さらにファディくん(13)は、家族は無事でしたが、今回の戦争で友だち2人を失っているんですね。一緒にいるUNRWA職員の人たちの前で泣き崩れてしまったと言っています。

ガザにいる人たちも、外にいてがガザに帰ることができない子どもたちも本当に地獄のような体験をしている。これはしっかりと伝えていかなくちゃいけないですし、彼らの思いをどうやって人道支援とかに繋げていくか、各国の首脳もこれから大きな仕事が残されていると感じます。
小川キャスター:
広島を訪問中、目を輝かせる子どもたちの姿がありましたけれども、3人のうち2人は初めてガザを出たそうですね。
朝日新聞ウェブサイト「telling.」柏木友紀編集長:
ガザの住民の年齢構成をみると、WHOの調べても半数近くが18歳以下です。こういう子たちが一度もガザを出ないで、まだ若いのに銃を取って戦わなければならなかったり、空爆の音に常に怯えている状況は考えるだけでやりきれない。現代とは思えないですね。

小川キャスター:
こうした状況にある子どもたちが、今度は憎しみを募らせて負の連鎖に繋がっていく可能性もあるわけですよね。
パトリック・ハーランさん:
地上侵攻を考えているイスラエルを考えるときに思い出すのは、アメリカの国務長官コリン・パウエルが打ち出した「パウエル・ドクトリン」です。
その中に軍事行動を起こす前に8つの質問があって、全ての条件を満たさないとやってはいけないという基本原則なんですけど、その中で▼国家的な重大な利益、これはイスラエルにとってあるかもしれない。

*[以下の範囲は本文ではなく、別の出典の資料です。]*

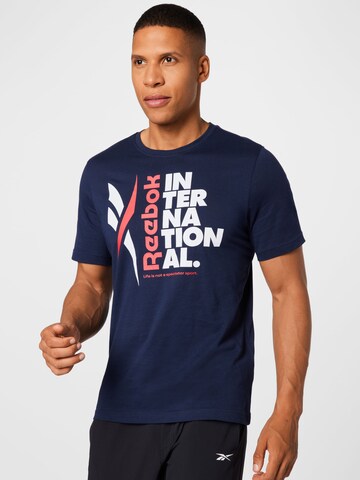 T-Shirt fonctionnel Reebok en bleu : devant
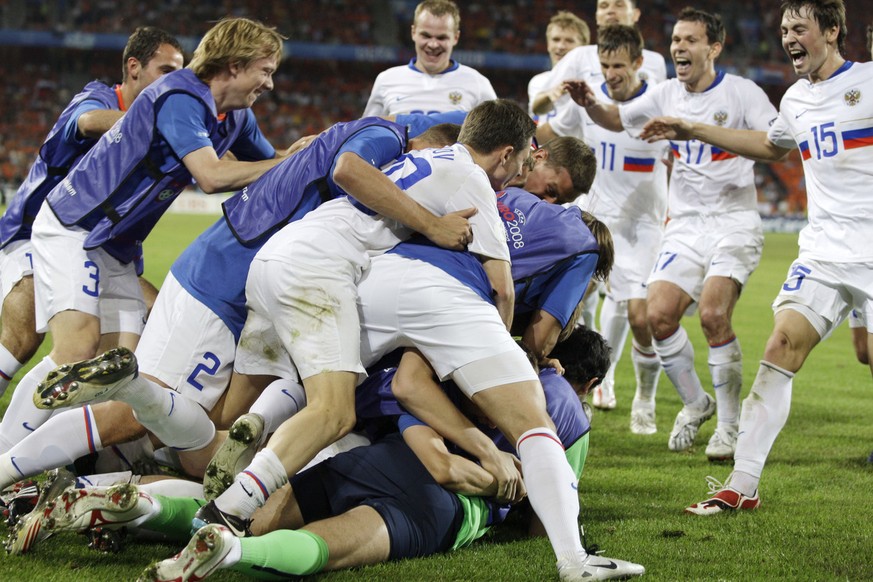 Russia&#039;s Andrei Arshavin, hidden, is celebrated by his teammates after scoring their 3rd goal during the quarterfinal match between the Netherlands and Russia in Basel, Switzerland, Saturday, Jun ...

あと▼国民の支持、これもあるかもしれません。
それ以外に、▼達成可能なはっきりとした目的が見えているのか、▼出口作戦があるのか、▼国際社会の支持があるのかという、こういうところは全部「NO」なんですよ。ですから、少なくともパウエル・ドクトリンの上ではやってはいけない軍事行動にあたります。

出口作戦がはっきり見えてハマス掃討ができたとしても、その後、安定した政権・組織を作れるか、長期的な目的が達成できるかどうかを考えた上での軍事作戦じゃなければ、さらに辛い生活を余儀なくされて、妬み、苦しみ、恨みの負のサイクルになって、イスラエルにとってもっと危険な状態になるんじゃないかなと思います。
小川キャスター:
ジェナーンさんから全世界へのメッセージとして、「あなたたちを私は許さない」とありましたけれども、日本としてはどういった向き合い方が必要なんでしょう。
朝日新聞ウェブサイト「telling.」柏木友紀編集長:
日本はG7の中でも2023年は議長国を務めていますし、広島に全世界の指導者が集まって2度と市民の犠牲の大きい惨禍は起こしたくないと平和の尊さをかみしめたはずですよね。
日本はアラブ諸国ともイスラエルとも思う同じような距離感で外交をしてきました。バランス外交と言われていますけれども、だからこそ何かできることはないのかなと。
1993年にノルウェーが仲立ちしてオスロ合意(パレスチナとイスラエルの和平に関する合意)が成立したというパレスチナ問題の歴史があるわけですけれども、日本も仲介役とまではいかなくても、何か一歩踏み出してできることはないのか考えたいなと思っています。